This conversation took place on March 29, 2011, when both of us happened to be staying in Honolulu. It was eighteen days after the gigantic earthquake and tsunami struck the Tohoku region of Japan, when I was working in Hawaii. Unable to return to Japan, all I could do was follow the situation as it unfolded each day on CNN. The news that came in brought one painful fact after another. Discussing the joys of opera in such a situation seemed strangely out of place, but opportunities to grab the busy Seiji Ozawa for an organized discussion did not come around all that often. And so we spoke about opera, interspersing our musical conversation with such pressing questions as what would happen with the nuclear power plant breakdown and where Japan was headed.
Nobody Was Further Removed from Opera Than I Was
OZAWA: I conducted opera for the first time in my life after I became music director of the Toronto Symphony in 1965. It was a concert performance of Rigoletto, done without stage sets. I was so happy—or should I say fulfilled—to have my own orchestra. I could perform Mahler if I wanted to. I could perform Bruckner. I could even perform opera.

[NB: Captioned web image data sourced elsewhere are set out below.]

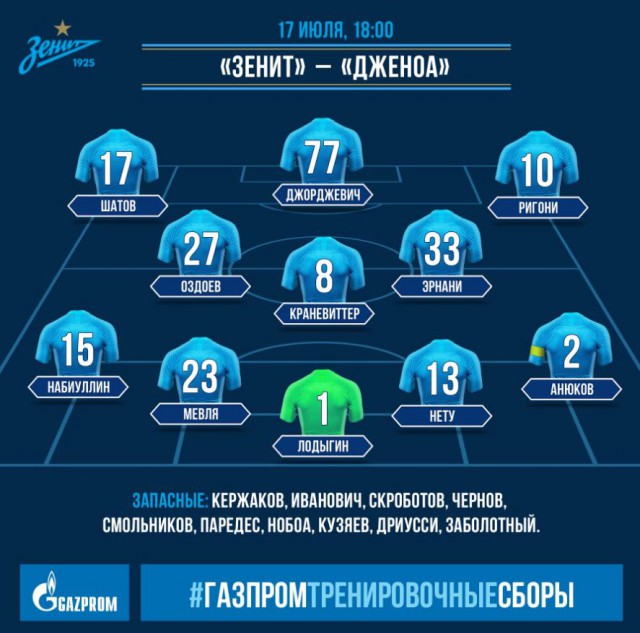 Чемпионат России по футболу.Межсезонье.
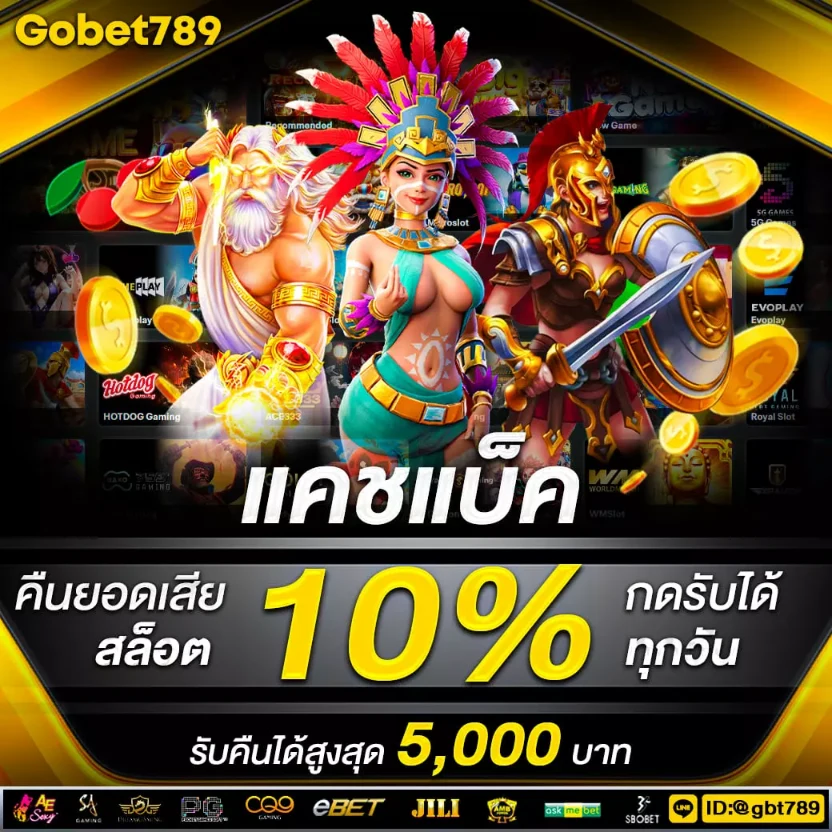 slotgame6666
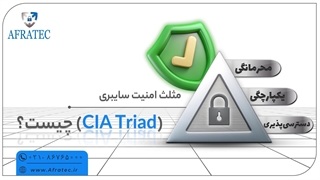 مثلث امنیت سایبری ( CIA Triad ) چیست؟
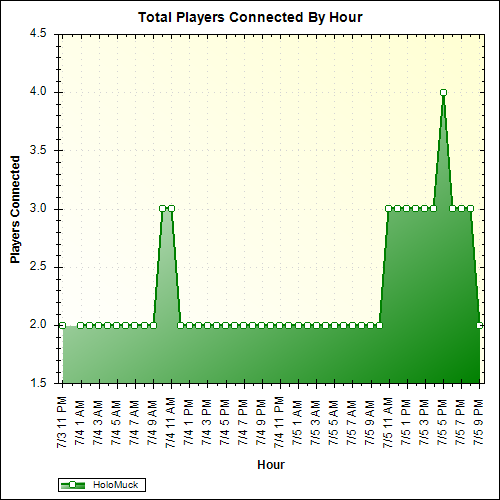 Average Players Connected By Hour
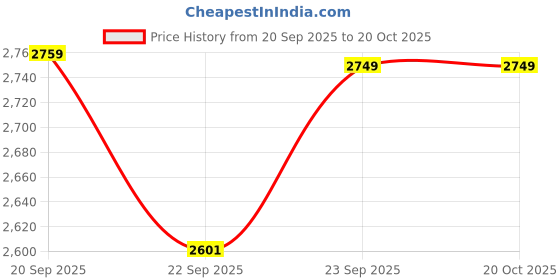 myntra.com HOUSE OF QUIRK Four Seater Polar Fleece 220 GSM FabricFlexible Stretch Sofa Cover house of quirk Price History Graph from 20 Sep 2025 to 20 Oct 2025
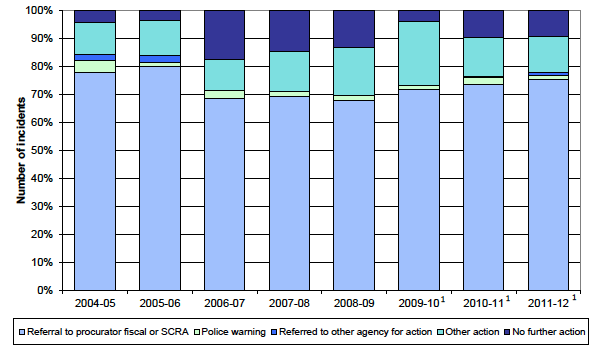 Chart 6 Action taken against perpetrators of racist incidents, Scotland, 2004-05 to 2012-13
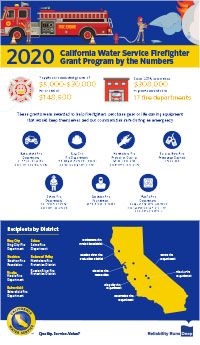2020 Firefighter Grants Infographic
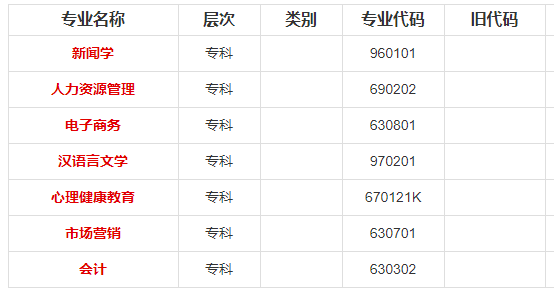 重庆师范大学2020年自考专科、本科考试专业及院校介绍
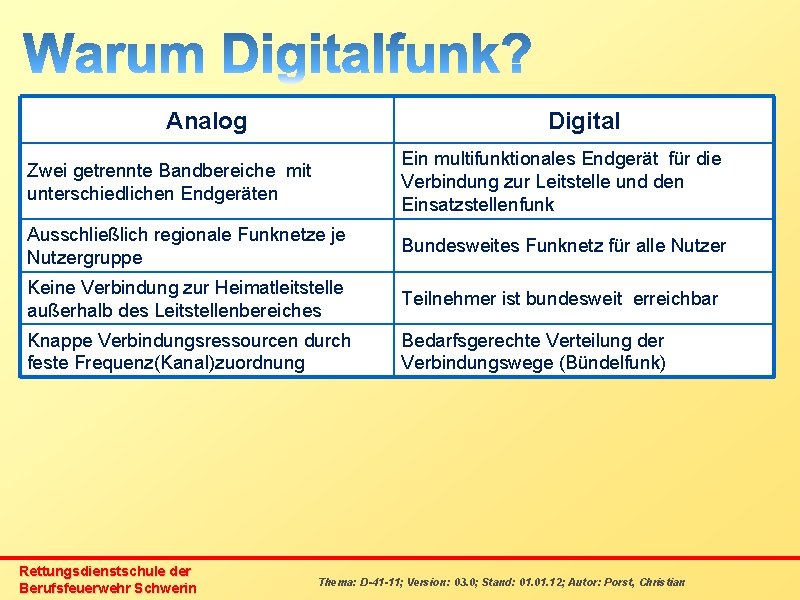 Analog Digital Zwei getrennte Bandbereiche mit unterschiedlichen Endgeräten Ein multifunktionales Endgerät für die Verbindung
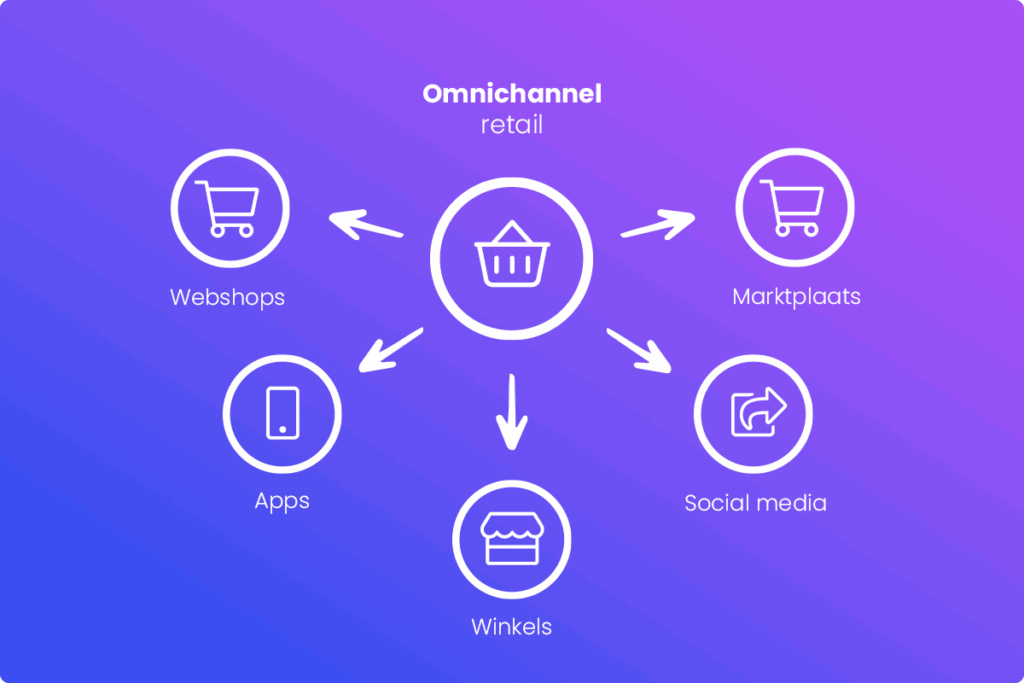 Omnichannel retail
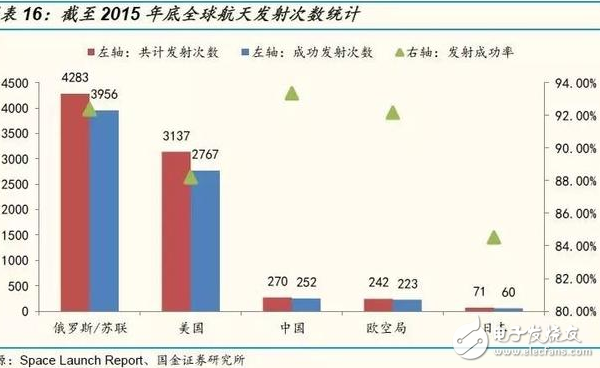 神舟11號(hào)載人飛船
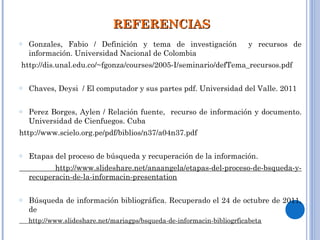 o Gonzales, Fabio / Definición y tema de investigación y recursos de
información. Universidad Nacional de Colombia
http://dis.unal.edu.co/~fgonza/courses/2005-I/seminario/defTema_recursos.pdf
o Chaves, Deysi / El computador y sus partes pdf. Universidad del Valle. 2011
o Perez Borges, Aylen / Relación fuente, recurso de información y documento.
Universidad de Cienfuegos. Cuba
http://www.scielo.org.pe/pdf/biblios/n37/a04n37.pdf
o Etapas del proceso de búsqueda y recuperación de la información.
http://www.slideshare.net/anaangela/etapas-del-proceso-de-bsqueda-y-
recuperacin-de-la-informacin-presentation
o Búsqueda de información bibliográfica. Recuperado el 24 de octubre de 2011,
de
http://www.slideshare.net/mariagps/bsqueda-de-informacin-bibliogrficabeta
REFERENCIASREFERENCIAS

MURAKAMI: I imagine that conducting opera would be very different from conducting ordinary orchestral works. Where did you study the techniques for conducting opera?
OZAWA: Maestro Karajan insisted that I conduct opera and he had me assist him when he did Don Giovanni in Salzburg in 1968. So I learned the opera well enough to play all parts of it on the piano. That was the beginning of my opera study. The next year he had me conduct Così fan tutte, which was the first stage production I conducted myself.
MURAKAMI: Where was that?
OZAWA: Salzburg again. Before that, a good friend of mine, the African-American tenor George Shirley, suggested that we do an opera together. He wanted to do Rigoletto, which is how I came to do the complete work in Toronto. That was a lot of fun. In Japan, I did Rigoletto at the Tokyo Bunka Kaikan with the Japan Philharmonic. That was a concert performance, too. Come to think of it, I still haven’t done Rigoletto as a fully staged opera.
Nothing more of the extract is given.